Daha Fazla ilgili haber için tıklayınız...
Suyun hayati önemi
Yaş aldıkça susama hissi azalır ya da idrar yolu sorunları nedeniyle su tüketimi sınırlanabilir. Ancak yeterince su içmemek, ciddi sonuçlara yol açabilir: Sürekli yorgunluk, geçmeyen baş ağrıları, ciltte kuruluk, hücrelerin büzülmesine bağlı solgun ve kuru bir görünüm ile belirginleşen çizgiler. Ayrıca sık tekrarlayan idrar yolu enfeksiyonları da yetersiz su alımının etkilerindendir. Yetişkin bireylerin, vücut ağırlıkları, ortam sıcaklığı ve günlük aktivitelerine bağlı olarak günde ortalama yedi-sekiz bardak su içmeleri önerilir.
Dinç ve genç kalmanın anahtarı sağlıklı bağırsaklar
Karbonhidratlar temel enerji kaynaklarımızdandır. Ancak rafine şeker gibi basit karbonhidratlar, tatları cazip olsa da sağlık açısından pek fayda sağlamaz. Aksine, kan şekerini dengesizleştirerek kalp-damar hastalıklarına, organların erken yıpranmasına ve serbest radikal artışıyla birlikte vücudun hızla yaşlanmasına neden olabilirler. Buna karşılık, kompleks karbonhidratlar içeren lifli ve posalı besinler, kalp-damar hastalıkları ve kansere karşı koruma sağlarken serbest radikallerin vücuttan atılmasına da yardımcı olur. Yulaf, arpa, meyveler ve yapraklı sebzelerdeki suda çözünebilen lifler, bağırsakta şeker emilimini azaltır ve kolesterol seviyesini düşürür. Tam tahıllar ile kabuklu sebze ve meyvelerdeki suda çözünmeyen lifler ise bağırsak hareketlerini artırarak kabızlığı önler, zararlı maddelerin bağırsakta uzun süre kalmasını engeller ve böylece kolon kanseri riskini düşürür.

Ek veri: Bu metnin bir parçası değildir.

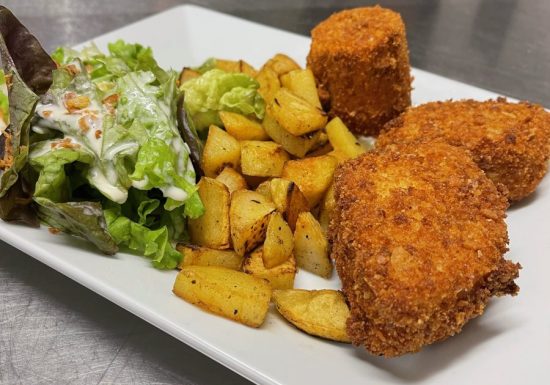 Restaurant les têtes 2 mull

Günde iki kaşık zeytinyağı
Omega-3 ve kaliteli zeytinyağı gibi sağlıklı yağların yer aldığı Akdeniz tipi beslenme, uzun ve sağlıklı bir yaşamın anahtarıdır. Somon, uskumru, sardalya ve hamsi gibi balıklar haftada en az üç kez ızgara ya da buğulama olarak tüketildiğinde güçlü birer omega-3 kaynağıdır. Katı yağlar yerine yemek ve salatalarda zeytinyağı kullanmak akıllıca bir tercihtir. Ancak, vücudun ihtiyaç duyduğu sağlıklı yağı sadece günlük 2 yemek kaşığı zeytinyağı ile karşılamak mümkündür; fazlası ise bazı sorunlara yol açabilir.

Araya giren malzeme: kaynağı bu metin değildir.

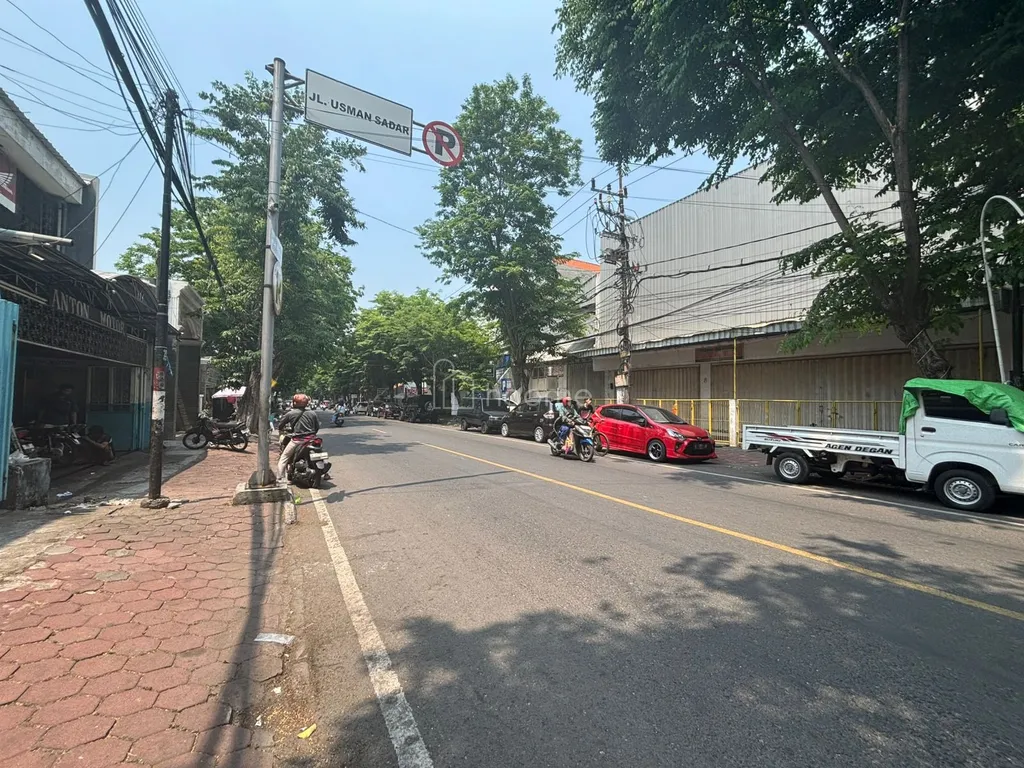 Dijual EX-GUDANG DI 0 JALAN RAYA USMAN SADAR GRESIK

Sebze ve meyveleri çiğ tüketin
Soğan, sarımsak, pırasa ile brokoli, karnabahar, brüksel lahanası ve yeşil lahana gibi lahanagiller; C vitamini, E vitamini, betakaroten ve selenyum gibi güçlü antioksidanlar içerir. Bu besinler özellikle çiğ tüketildiklerinde, yaşlanma karşıtı etkileriyle hem bağışıklığı güçlendirir hem de vücudu hastalıklara karşı koruyarak genç kalmaya destek olurlar.
Takviyeler önemli
Beslenme ve yaşam tarzı her zaman yeterli olmayabilir. Bu durumlarda üzüm ve kiraz çekirdeği özleri gibi antioksidan takviyelerden yararlanabilirsiniz. Bitki çayları da benzer etki gösterebilir. Süt ürünleri, brokoli, ceviz gibi kalsiyum kaynakları genç kalmaya destek olur. Yeterince alamıyorsanız günlük 1000–1200 mg kalsiyum takviyesi önerilir.